I had to pull over as I'd just realised the secret of one of the main characters (that part hadn't been in the plan). I sat in the layby, crying into my sleeve, hoping no one could see me. And wondering how the unreal life could seem more important and immediate than the one rolling by on the dual carriageway.
Then, somehow, it was a year later and I kept promising a young student of mine that she would soon see The Ghost Nanny. Another year, and with my tuition work taking over so much more time, all I really did was write poetry and blogs.
Picking them up, re-reading, small changes, a chapter: both books simmered gently on the silver lid of the cauldron, waiting for me to turn to them again, to have the time and the will to take up their stories.
That's important, the simmering. A lot of books have gone off the boil over the years, some simmered for a while then went cold, others I've forgotten. These two kids' books, they lived the whole time.

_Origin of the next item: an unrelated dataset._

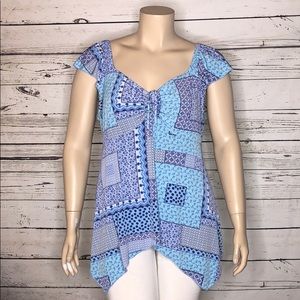 Venezia Lane Bryant 22/24 Patchwork Peasant Blouse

I opened them again today. It has been almost a year since I looked at both of them, and two years since I made any changes. It turns out -
I can still see her face at the window as the little girl's doll lays on the grass
- and in a small village in Scotland, a school bus makes its finite, years-long journey down the back lanes, carrying a secret.
They still simmer. After all this time and neglect, I opened Nanny to do some editing and fell into the garden with the doll. Bryn sits in his broken-down shed and wishes for friends while his sister screams upstairs.

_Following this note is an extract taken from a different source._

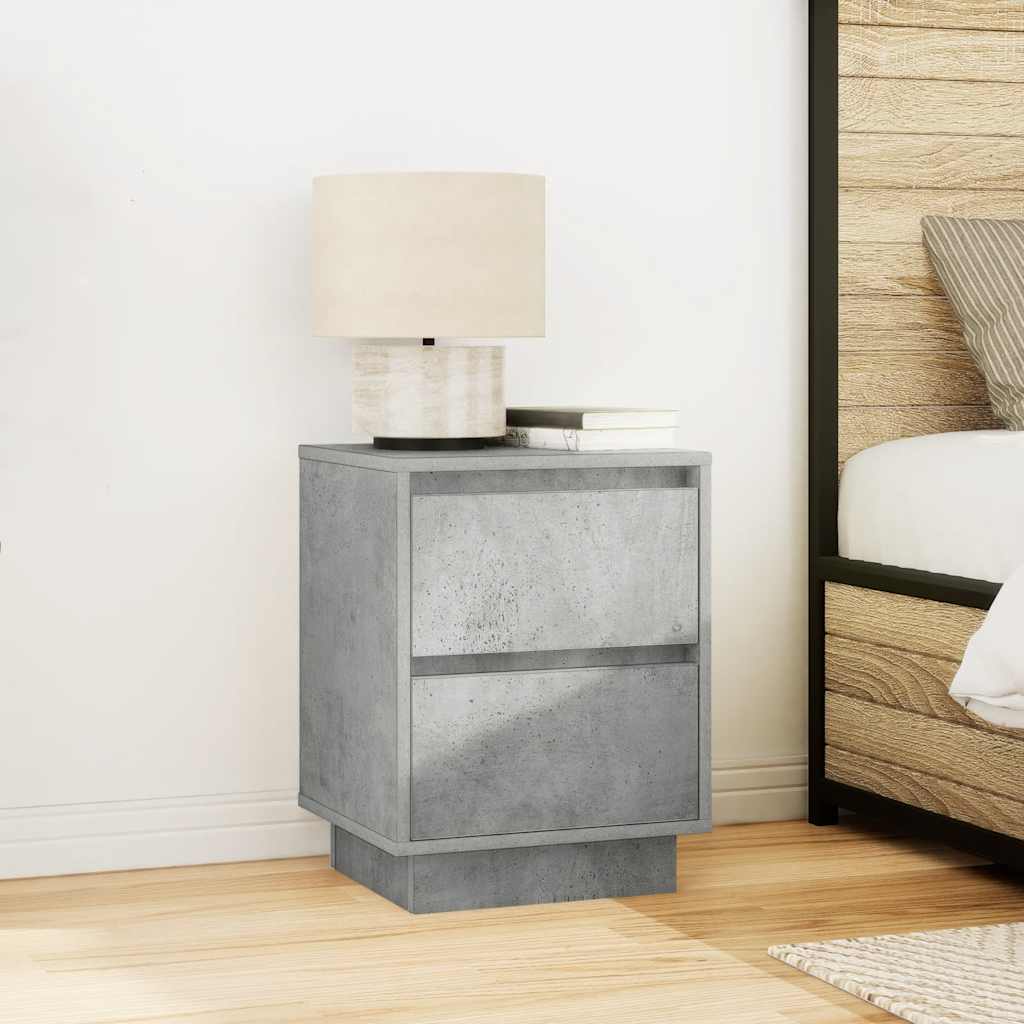 vidaXL Nachttische mit LED-Leuchten 2 Stk. Betongrau 38x34x50 cm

I haven't had the heart to go back to the bus yet. The Scottish village is just as I left it, and so are the children, with their closing school.
This is where it gets tricky, and perhaps why they took so long: I wanted to do them together, they were complimentary. I could have a good ghost story chill with one and an adventure with the other. The trouble is, the school is real, the children have faces I see every time I think of the book, and sometimes tears prick my eyes when I look at them.
I don't know if it will work, but I'm finishing The Ghost Nanny first. I want to ease my way into this simmering pot. I hope I can write the rest of the painless book first, then go back to the school.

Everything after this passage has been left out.